Rolling Update
Incrementally replace instances with new versions: max surge, max unavailable, health check integration, and handling backward-incompatible changes.
What Is a Rolling Update?
A rolling update incrementally replaces instances of the old version with the new version, one batch at a time. At no point during the deployment is the service completely down — there are always some instances of the old or new version serving traffic. This gives you zero downtime without the full infrastructure cost of blue-green.
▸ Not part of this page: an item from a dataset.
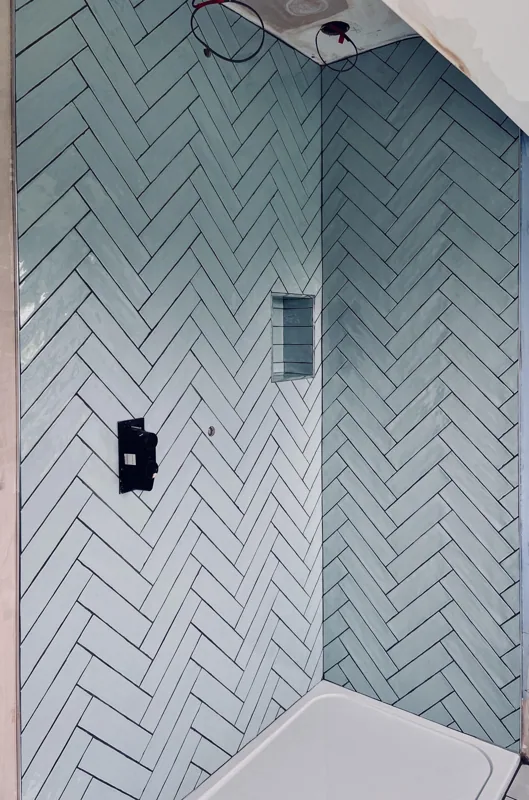 Herringbone shower walls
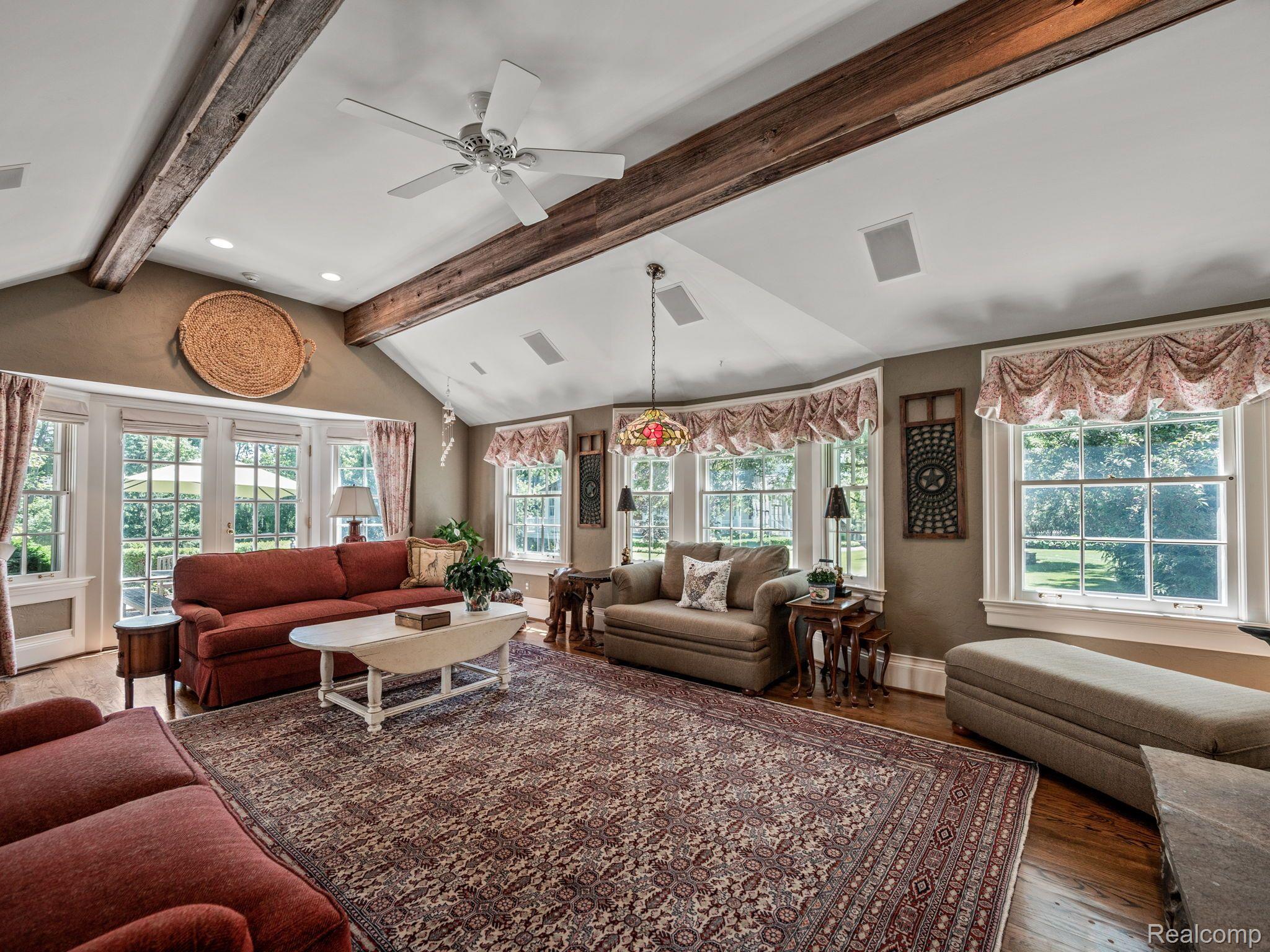 1155 QUARTON ROAD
Rolling updates are the default deployment strategy in Kubernetes (`RollingUpdate` is the default `Deployment` strategy). They are also native to AWS Auto Scaling Groups, Elastic Beanstalk, and most PaaS platforms. Understanding rolling updates deeply — including their limitations — is essential for any backend or platform interview.
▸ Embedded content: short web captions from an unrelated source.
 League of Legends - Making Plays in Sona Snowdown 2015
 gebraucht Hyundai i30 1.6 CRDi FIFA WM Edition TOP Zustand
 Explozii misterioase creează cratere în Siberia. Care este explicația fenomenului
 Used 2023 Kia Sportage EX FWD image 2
Key Parameters: maxSurge and maxUnavailable
Kubernetes rolling update strategy is controlled by two parameters:
| Parameter | Definition | Default | Effect when increased |
|---|---|---|---|
| `maxUnavailable` | Max number of pods that can be unavailable during the update | 25% | Faster rollout, more capacity reduction |
| `maxSurge` | Max number of pods that can exist above the desired count | 25% | Faster rollout, higher temporary cost |
# Kubernetes Deployment rolling update configuration
apiVersion: apps/v1
kind: Deployment
metadata:
name: payment-service
spec:
replicas: 10
strategy:
type: RollingUpdate
rollingUpdate:
maxSurge: 2 # Allow up to 12 pods total (10 + 2)
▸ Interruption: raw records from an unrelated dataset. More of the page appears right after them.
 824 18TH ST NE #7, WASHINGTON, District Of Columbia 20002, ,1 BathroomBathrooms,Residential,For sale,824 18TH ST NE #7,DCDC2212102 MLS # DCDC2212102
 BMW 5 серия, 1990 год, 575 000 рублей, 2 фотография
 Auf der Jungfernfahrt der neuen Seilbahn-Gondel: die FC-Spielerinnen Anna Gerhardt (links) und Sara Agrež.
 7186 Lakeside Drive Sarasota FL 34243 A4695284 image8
maxUnavailable: 0 # Never reduce below 10 pods
template:
spec:
containers:
- name: payment-service
image: payment-service:v2.0
readinessProbe:
httpGet:
path: /health/ready
port: 8080
initialDelaySeconds: 10
periodSeconds: 5
failureThreshold: 3Setting `maxUnavailable: 0` and `maxSurge: N` is the safest configuration for production: it never takes capacity below the desired count. New pods are started (up to the surge limit) and only when they pass readiness checks are old pods terminated. This prevents any service degradation during the rollout.
Health Checks Are Critical
A rolling update without properly configured health checks is dangerous. Kubernetes uses two types of probes:
- Readiness probe: Gates when a pod starts receiving traffic. If the readiness probe fails, Kubernetes removes the pod from the service endpoint (stops sending it traffic) but does NOT restart it. New pods in a rolling update must pass readiness before old pods are terminated.
- Liveness probe: Detects when a pod is unhealthy and needs to be restarted. A failing liveness probe causes Kubernetes to kill and restart the pod. Do not set these too aggressively or you'll cause restart loops during slow startup.
The Readiness Probe Timing Gap
There is a subtle race condition in Kubernetes: when a pod passes its readiness probe and is added to the endpoint, there is a brief window before all kube-proxies update their iptables rules. Set `terminationGracePeriodSeconds` to at least 30 seconds on old pods so in-flight connections drain gracefully before the pod dies.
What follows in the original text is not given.